There is one simple and effective way to get utilities to act right. Consumers have an expectation and a right to dependable, consistent and affordable energy. If the utility fails to deliver energy on demand they should be brutally punished, especially if they fail to deliver at a time when the country has abundant resources. It is the utilities responsibility to have power sources available to them at all times to meet their customers needs. If they fail they are punished, by that I don’t mean fined. No punishment that the utility simply passes on to their customer is acceptable. If it takes punishing individuals within the utility I am okay with that. They need to know it is going to hurt them if they screw with their customers. It is that serious and these chuckleheads are getting off scot free. That has to end.

Megs
Reply to  Bob
August 14, 2022 11:10 pm

We need to send them all to a wind and solar only gulag!

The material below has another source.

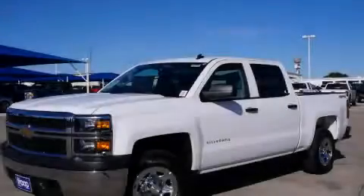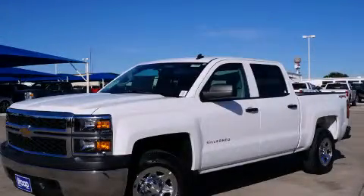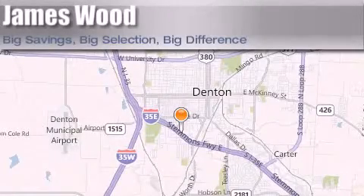Stop by today and test drive this vehicle for yourself. James Wood Auto Park is located at 3906 Interstate 35E South in Denton. Our goal is to exceed all of your expectations to ensure that you'll return for future visits.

No backup allowed.

Bob
Reply to  Megs
August 15, 2022 5:02 pm

That’s a good idea Megs, I was thinking along the lines of having Mike Rowe from dirty jobs hook them up for employment.

Gerry, England
August 15, 2022 3:48 am

The late Robert of iceagenow and Texas resident put the big freeze death toll at over 700 due to all those who died because hospitals could not treat them.

n.n
August 15, 2022 10:26 am

Single/central/monopolistic solutions are first-order forcings of progressive prices.

Diogenese
August 15, 2022 1:37 pm

Also buried in the legislation is a happy piece stating electric cars fitted with batteries made overseas will not get a subsidy !

RMT
August 15, 2022 10:38 pm

Green energy looks good on paper, but not on the land.

sch
August 18, 2022 11:17 am

From the bill looks like all the tax credits mentioned are income limited, some more than others, but ALL of them are income limited unless you are able to build your own wind or solar farm large enough to attract a utility attention/contract, then you can use or sell any tax credits.